L’inventore di questo personaggio - parente letterario di Elric di Melnibonè ma anche di Anomander Rake - e del suo mondo, è l’autore polacco Andrzej Sapkowski che ha visto pubblicare queste prime avventure di Gerald nel 1993. The witcher ha assicurato a Sapkowsky una giusta fama internazionale: internazionale ma non italiana, tanto per “non” cambiare.

Infatti in Italia è approdato solo l’omonimo video-gioco di ruolo, prodotto dalla software house polacca CDProjekt RED STUDIO, pubblicizzato con il significativo motto “non ci sono bene o male, solo decisioni e conseguenze”. Il gioco, uscito in Europa nell’Ottobre 2007, ha venduto 1.200.000 copie in tutto il mondo.

The Last Wish è una raccolta di racconti basati su vari episodi della vita del protagonista, organizzati senza un preciso ordine cronologico e intervallati da più frammenti di un’unica storia intitolata The Voice of Reason, che narra la convalescenza di Gerald nel santuario di Melitele, Dea della Terra.
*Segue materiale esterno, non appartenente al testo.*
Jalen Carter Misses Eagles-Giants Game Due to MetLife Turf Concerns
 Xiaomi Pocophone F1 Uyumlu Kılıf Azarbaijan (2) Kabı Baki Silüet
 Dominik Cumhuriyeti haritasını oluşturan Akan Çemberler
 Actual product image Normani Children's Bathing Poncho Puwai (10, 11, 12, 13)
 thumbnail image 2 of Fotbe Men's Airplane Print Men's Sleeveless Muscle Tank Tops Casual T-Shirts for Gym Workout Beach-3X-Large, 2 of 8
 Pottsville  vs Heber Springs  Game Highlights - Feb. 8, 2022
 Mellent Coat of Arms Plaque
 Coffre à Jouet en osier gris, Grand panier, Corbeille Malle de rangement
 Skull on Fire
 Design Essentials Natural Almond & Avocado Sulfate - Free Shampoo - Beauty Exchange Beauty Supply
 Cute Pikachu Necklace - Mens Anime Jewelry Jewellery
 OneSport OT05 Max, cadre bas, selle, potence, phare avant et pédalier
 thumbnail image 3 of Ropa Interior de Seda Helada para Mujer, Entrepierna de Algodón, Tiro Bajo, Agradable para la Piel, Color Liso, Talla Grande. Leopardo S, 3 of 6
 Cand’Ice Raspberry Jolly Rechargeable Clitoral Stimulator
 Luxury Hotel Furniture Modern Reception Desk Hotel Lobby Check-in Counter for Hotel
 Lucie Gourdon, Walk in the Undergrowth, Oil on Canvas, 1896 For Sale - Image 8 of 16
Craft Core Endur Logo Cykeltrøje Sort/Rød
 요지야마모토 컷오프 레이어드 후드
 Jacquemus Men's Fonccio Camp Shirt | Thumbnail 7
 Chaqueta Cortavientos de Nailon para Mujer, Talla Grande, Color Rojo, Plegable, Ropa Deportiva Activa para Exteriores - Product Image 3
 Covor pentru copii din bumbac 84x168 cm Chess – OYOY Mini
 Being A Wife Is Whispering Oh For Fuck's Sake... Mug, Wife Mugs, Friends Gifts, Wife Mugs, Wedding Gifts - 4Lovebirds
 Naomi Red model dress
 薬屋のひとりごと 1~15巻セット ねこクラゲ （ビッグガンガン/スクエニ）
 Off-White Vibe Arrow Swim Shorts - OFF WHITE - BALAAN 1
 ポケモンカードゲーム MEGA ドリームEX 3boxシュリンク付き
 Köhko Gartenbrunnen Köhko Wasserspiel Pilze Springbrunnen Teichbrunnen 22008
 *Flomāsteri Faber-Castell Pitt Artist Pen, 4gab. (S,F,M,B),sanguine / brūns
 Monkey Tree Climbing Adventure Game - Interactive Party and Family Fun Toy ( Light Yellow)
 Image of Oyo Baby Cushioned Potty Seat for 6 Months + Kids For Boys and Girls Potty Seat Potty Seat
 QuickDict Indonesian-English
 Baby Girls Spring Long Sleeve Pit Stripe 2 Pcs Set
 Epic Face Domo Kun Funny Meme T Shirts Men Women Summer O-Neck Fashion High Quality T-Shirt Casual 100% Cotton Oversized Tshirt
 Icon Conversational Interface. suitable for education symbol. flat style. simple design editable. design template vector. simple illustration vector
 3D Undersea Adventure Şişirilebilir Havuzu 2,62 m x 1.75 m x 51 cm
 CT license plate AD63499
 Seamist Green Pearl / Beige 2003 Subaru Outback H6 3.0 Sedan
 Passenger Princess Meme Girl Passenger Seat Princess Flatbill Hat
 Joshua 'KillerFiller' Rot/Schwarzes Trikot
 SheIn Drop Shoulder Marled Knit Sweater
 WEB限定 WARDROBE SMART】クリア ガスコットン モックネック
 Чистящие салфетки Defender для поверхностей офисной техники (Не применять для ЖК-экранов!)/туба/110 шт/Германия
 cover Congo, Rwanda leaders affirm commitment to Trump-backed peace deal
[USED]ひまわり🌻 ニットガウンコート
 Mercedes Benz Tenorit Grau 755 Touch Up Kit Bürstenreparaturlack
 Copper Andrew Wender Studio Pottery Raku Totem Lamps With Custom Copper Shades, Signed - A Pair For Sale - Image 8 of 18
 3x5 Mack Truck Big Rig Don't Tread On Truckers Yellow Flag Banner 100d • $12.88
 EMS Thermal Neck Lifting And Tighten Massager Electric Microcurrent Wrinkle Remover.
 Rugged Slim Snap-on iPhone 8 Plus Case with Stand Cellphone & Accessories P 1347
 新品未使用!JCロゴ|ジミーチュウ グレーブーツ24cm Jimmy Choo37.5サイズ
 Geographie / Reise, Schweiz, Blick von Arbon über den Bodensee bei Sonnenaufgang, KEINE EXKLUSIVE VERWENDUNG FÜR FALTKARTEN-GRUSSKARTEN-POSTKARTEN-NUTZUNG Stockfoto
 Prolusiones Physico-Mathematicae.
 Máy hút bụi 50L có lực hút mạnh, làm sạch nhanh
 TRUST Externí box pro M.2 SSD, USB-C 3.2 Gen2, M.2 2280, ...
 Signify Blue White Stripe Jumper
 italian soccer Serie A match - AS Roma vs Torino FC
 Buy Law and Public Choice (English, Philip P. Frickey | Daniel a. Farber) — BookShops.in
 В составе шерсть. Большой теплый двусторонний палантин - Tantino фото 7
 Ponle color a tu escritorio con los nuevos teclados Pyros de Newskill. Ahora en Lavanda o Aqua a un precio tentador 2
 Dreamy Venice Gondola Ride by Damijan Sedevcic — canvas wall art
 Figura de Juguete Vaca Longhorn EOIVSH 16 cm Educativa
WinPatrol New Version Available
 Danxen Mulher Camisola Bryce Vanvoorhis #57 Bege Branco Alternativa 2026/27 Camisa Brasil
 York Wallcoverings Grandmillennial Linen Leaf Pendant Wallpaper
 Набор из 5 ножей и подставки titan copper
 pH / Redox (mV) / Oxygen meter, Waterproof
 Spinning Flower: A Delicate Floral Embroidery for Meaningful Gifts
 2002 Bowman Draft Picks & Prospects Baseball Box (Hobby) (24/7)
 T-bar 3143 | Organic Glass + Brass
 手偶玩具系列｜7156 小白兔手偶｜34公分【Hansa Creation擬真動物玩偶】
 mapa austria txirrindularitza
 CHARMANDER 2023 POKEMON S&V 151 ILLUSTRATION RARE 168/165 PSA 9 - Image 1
Una struttura complessa ma indubbiamente efficace.

Questa la sequenza dei racconti:

The Voice of Reason 1

The Witcher,

The Voice of Reason 2

A Grain of Truth,

The Voice of Reason 3

The Lesser Evil,

The Voice of Reason 4

A Question of Price,

The Voice of Reason 5

The Edge of the World,

The Voice of Reason 6

The Last Wish,

The Voice of Reason 7

Le singole vicende del passato di Geralt di Rivia ce lo mostrano in piena attività nella prima storia, The Witcher, che è poi quella trasposta in computer grafica nel filmato d’inizio del videogame; tuttavia nello scritto c’è molto di più.

In A Grain of Truth Geralt è per la prima volta investigatore dell’animo umano: serietà e facezia, azione e introspezione, imprevisti e finale a sorpresa fanno il carattere della vicenda.

In The Lesser Evil scopriamo la dimensione della solitudine che il nostro eroe deve vivere.

In A Question of Price abbiamo una gara davvero pirotecnica di witty speech fra Geralt e il suo augusto committente, in una baraonda in crescendo che termina con un capovolgimento frontale. Chi l’ha detto che per i colpi di scena bisogna per forza uccidere un personaggio?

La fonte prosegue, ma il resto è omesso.